*What this task involves:* What you write must be the listing below in full, word for word, minus its pictures.

*Dataset content:*
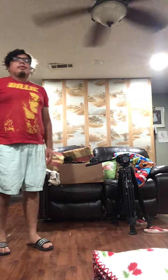Hello, I'm Romero Sanchez, filmmaker extraordinaire and film student, and today I'm going to show you my camera kit.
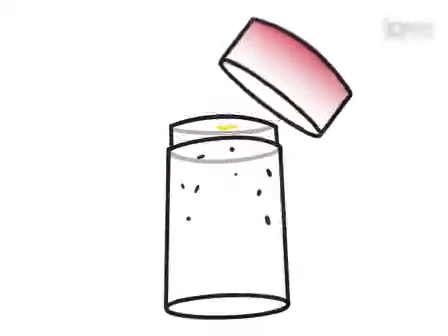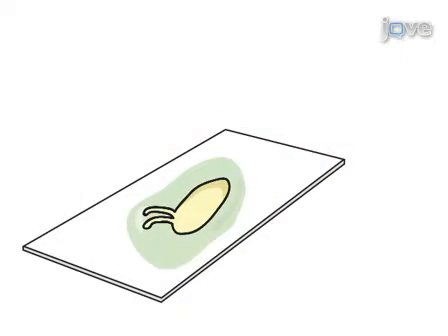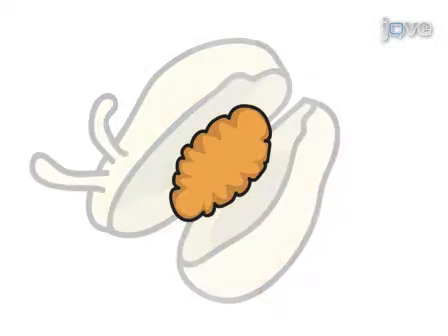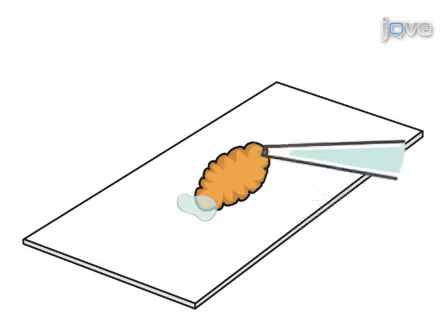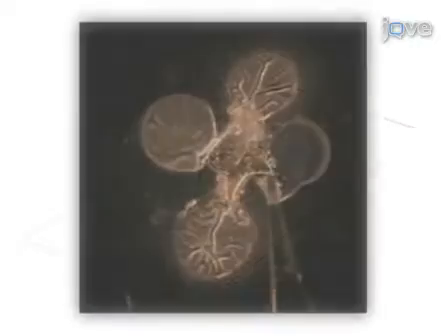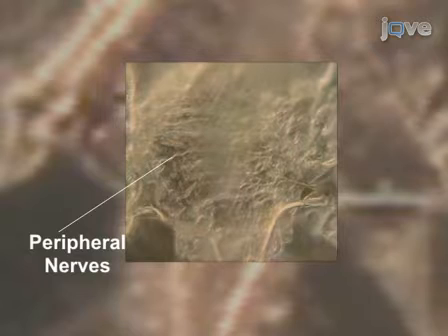To perform electrophysiological recordings in Drosophila embryos, they must first be harvested, decorinated, and dissected. Controlled dissection is made possible with water-polymerizing surgical glue, which stabilizes the embryos to coverslips. The internal organs are then removed from stabilized embryos to expose the ventral CNS, the peripheral nerves, and the somatic musculature.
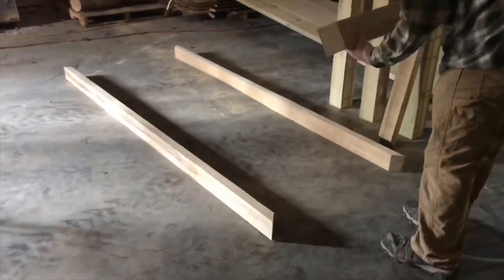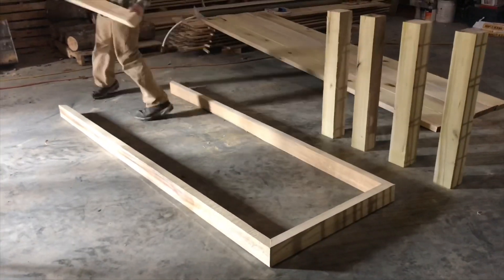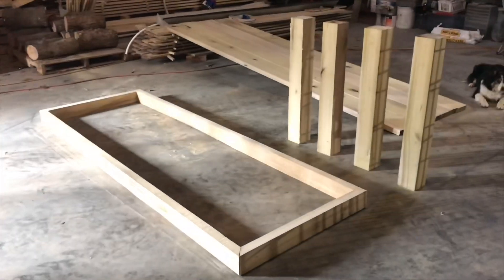We've been out traveling for the winter and now we're back doing projects. Our current project is a new kitchen table.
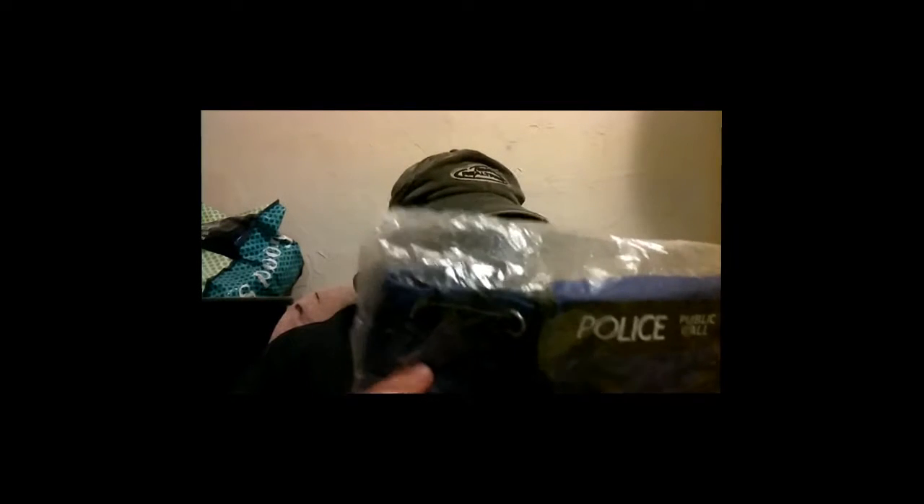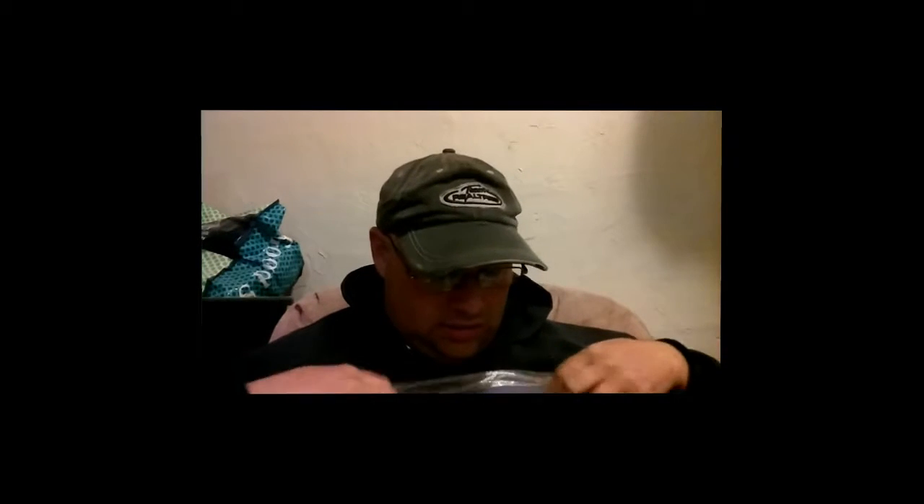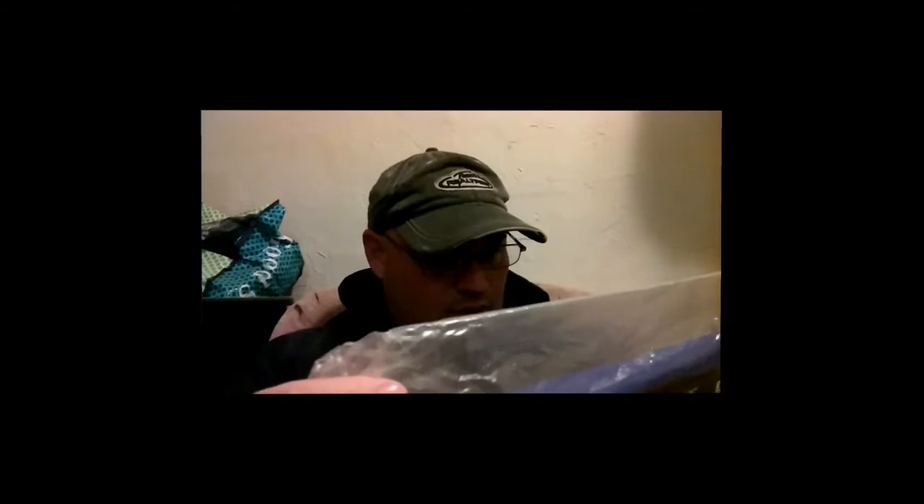I'll be putting Wish.com at the bottom of every single one of my videos, whether it's an opening video, blogging, vlogging, or anything like that. It's supposed to be a backpack, but I don't see how they figured it to be a backpack because there are no straps — it looks like one of those bags that just kind of flops over.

*Result of this task:*
Hello, I'm Romero Sanchez, filmmaker extraordinaire and film student, and today I'm going to show you my camera kit.
To perform electrophysiological recordings in Drosophila embryos, they must first be harvested, decorinated, and dissected. Controlled dissection is made possible with water-polymerizing surgical glue, which stabilizes the embryos to coverslips. The internal organs are then removed from stabilized embryos to expose the ventral CNS, the peripheral nerves, and the somatic musculature.
We've been out traveling for the winter and now we're back doing projects. Our current project is a new kitchen table.
I'll be putting Wish.com at the bottom of every single one of my videos, whether it's an opening video, blogging, vlogging, or anything like that. It's supposed to be a backpack, but I don't see how they figured it to be a backpack because there are no straps — it looks like one of those bags that just kind of flops over.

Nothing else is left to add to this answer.